In some cases, the time complexity is based on multiple variables, the following code contains two different variables n and m.

So the complexity is O(nm).

#include <bits/stdc++.h>

using namespace std;

int main()
{
    int n=3, m=2;
    for (int i = 1; i <= n; i++) //O(nm)
        for (int i = 1; i <= m; i++)
            cout << "programming9.com - nested loop" << "\n";
}

O(n^3) – A Cubic complexity

In quadratic algorithm, we used two nested loops. In cubic algorithm we use three nested loops.

#include <bits/stdc++.h>

using namespace std;

int main()
{
    int n=2;
    for (int i = 1; i <= n; i++) //O(n^3) time complexity
        for (int j = 1; j <= n; j++)
            for (int k = 1; k <= n; k++)
                cout << "programming9.com - This line prints 8 times" << "\n";
}

O(1), O(log n), O(n), O(n log n), O(n²), O(n³) all the complexities are polynomials.

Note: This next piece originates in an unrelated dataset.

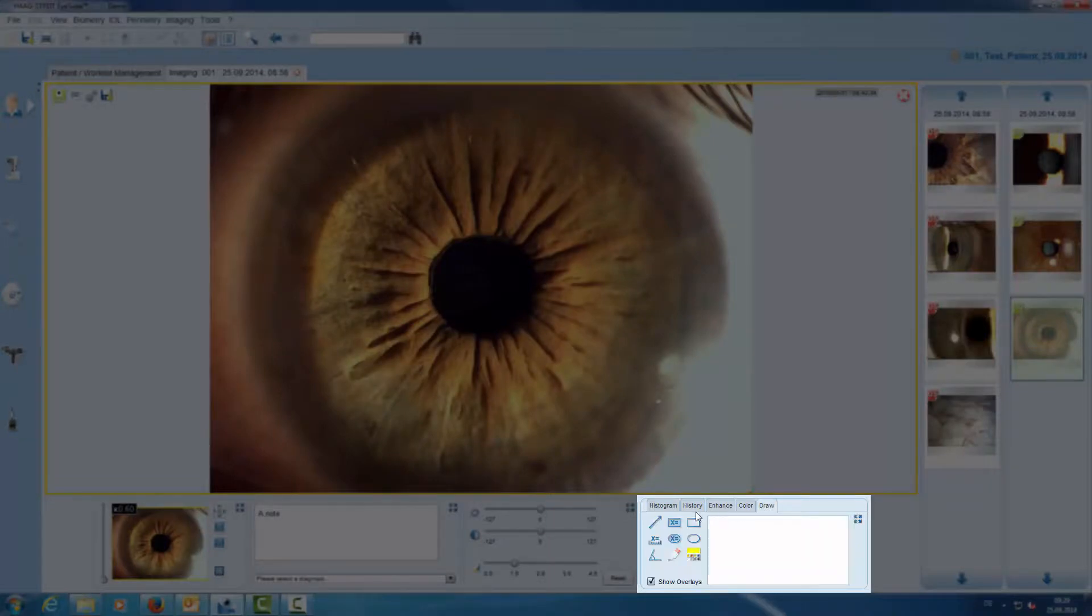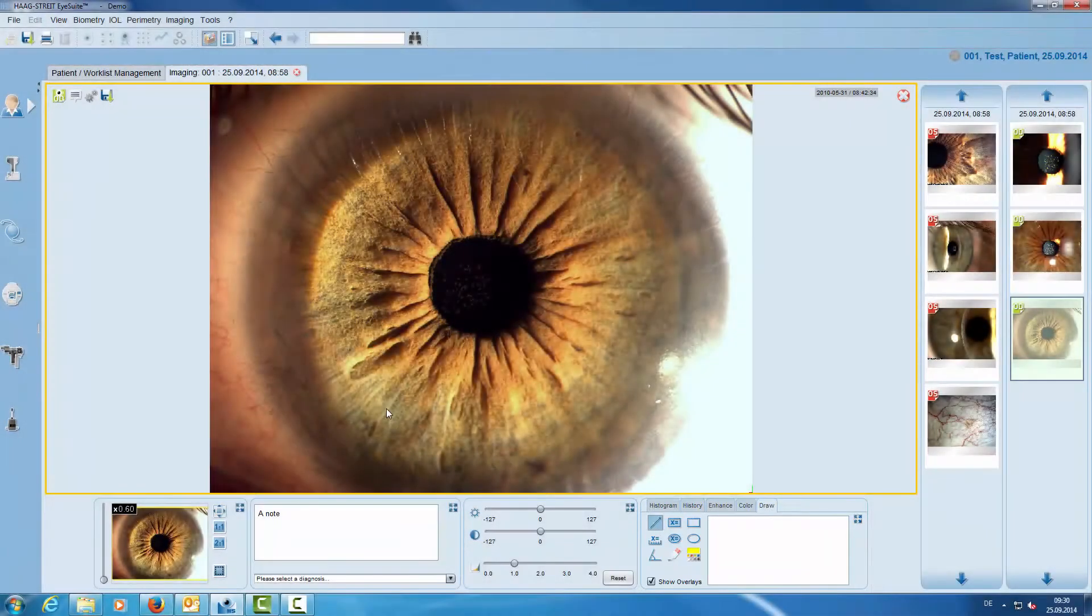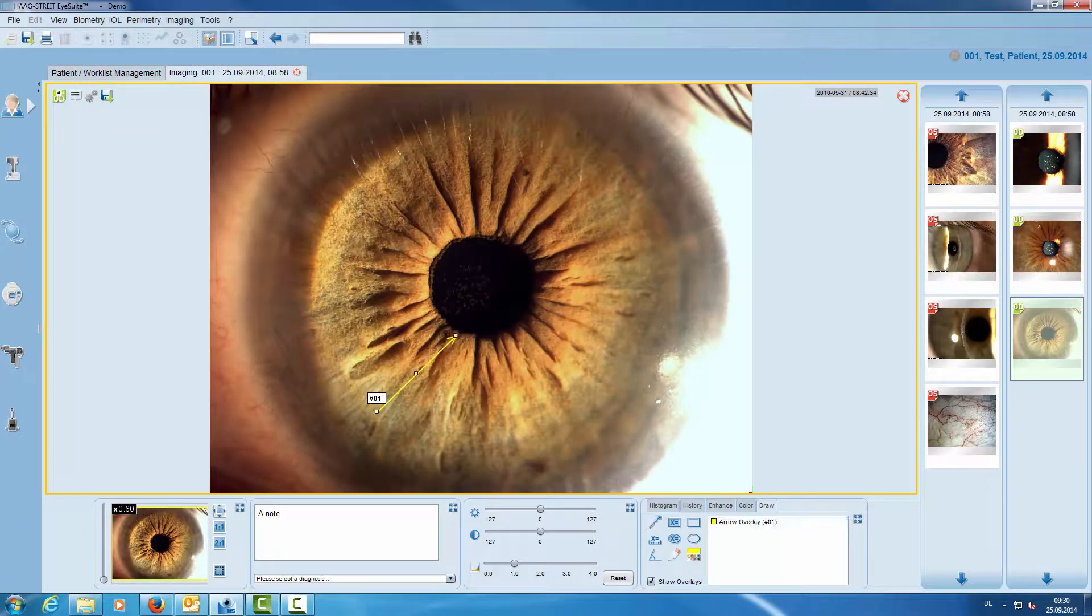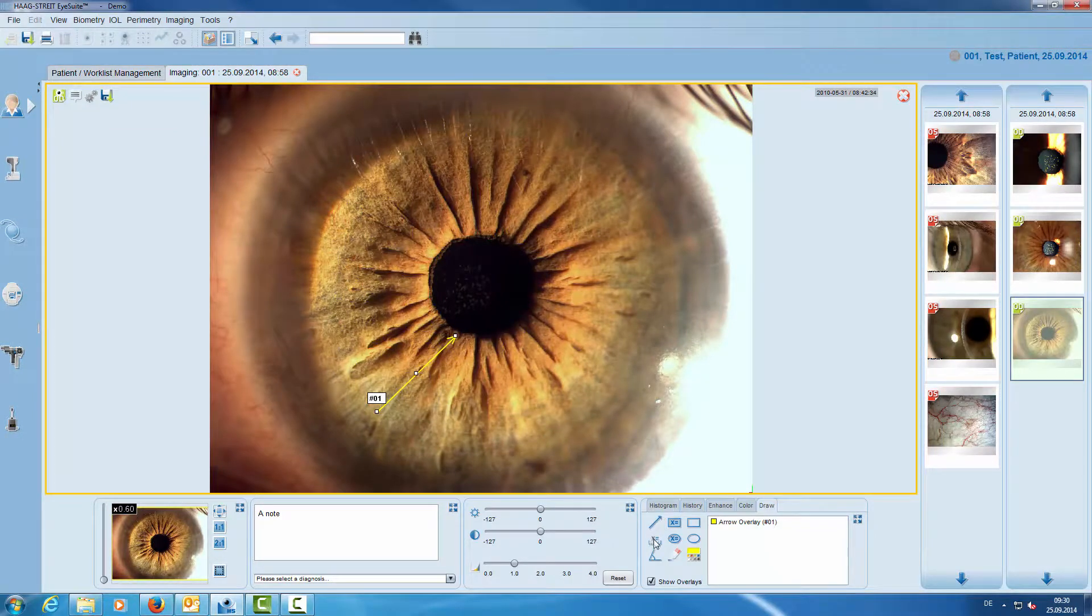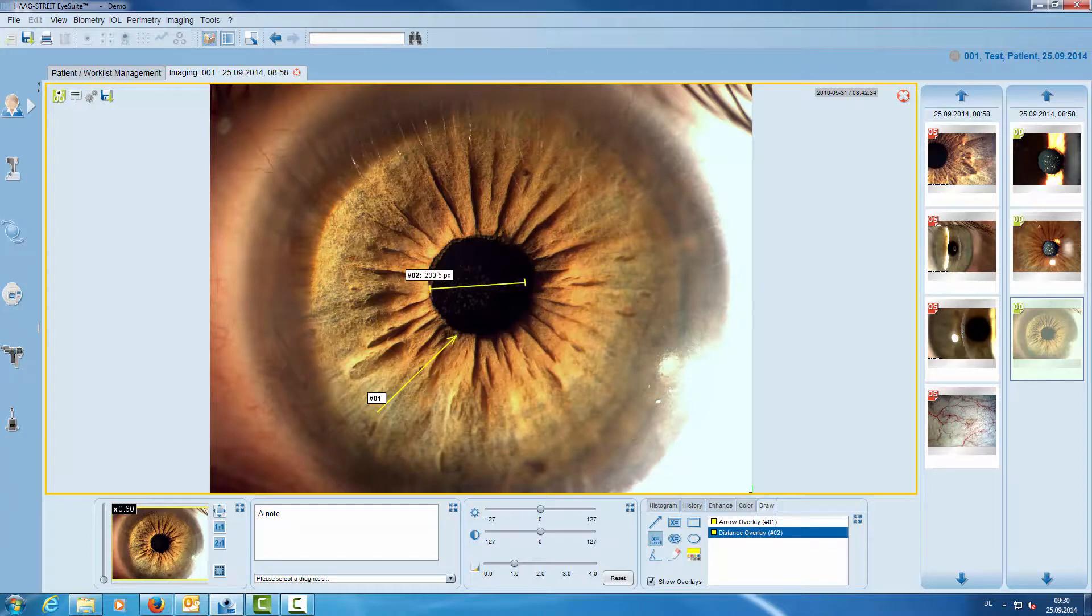Then the draw tool provides us with different tools. Here with a flash we can highlight something on the image, or we can measure a distance.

O(2^n) – Subset of input elements.

The algorithm must run through all possible subsets of given input.

Ex:

{A, B, C} – possibilities of subsets are 2^3

{ }, {A}, {B}, {C}, {A,B}, {A, C}, {B,C}, {A,B,C}

{1,2,3,4} – Possibilities of subsets are 2^4

{ }, {1}, {2},{3},{4},{1,2},{1,3},{1,4},{2,3},{2,4},{3,4},{1,2,3},{1,2,4},{1,3,4},{2,3,4},{1,2,3,4}

O(n!) – Factorial complexity

All permutations of input elements.

If given input is {1,2,3}

The permutations are: (1,2,3), (1,3,2), (2,1,3), (2,3,1), (3,1,2), (3,2,1)

Within that short duration, if input elements are less than 10, we can choose non-polynomial algorithms.

If Input size is a lot bigger, we don’t have any other choice except to solve the problem using O(1) or O(n log n) or O(n).

If you use any other algorithm with O(n2) or more, you will face Time Limit Exceeded.

The following table shows the basic idea about the number of elements and associated time complexity. You have a big input size with 5000 elements, you are writing your code with O(n³) complexity. It is of no use, you will get time limit exceeded error even though your logic is correct.

Better to find optimized algorithms for the same problems. Definitely we have various solutions for same problem.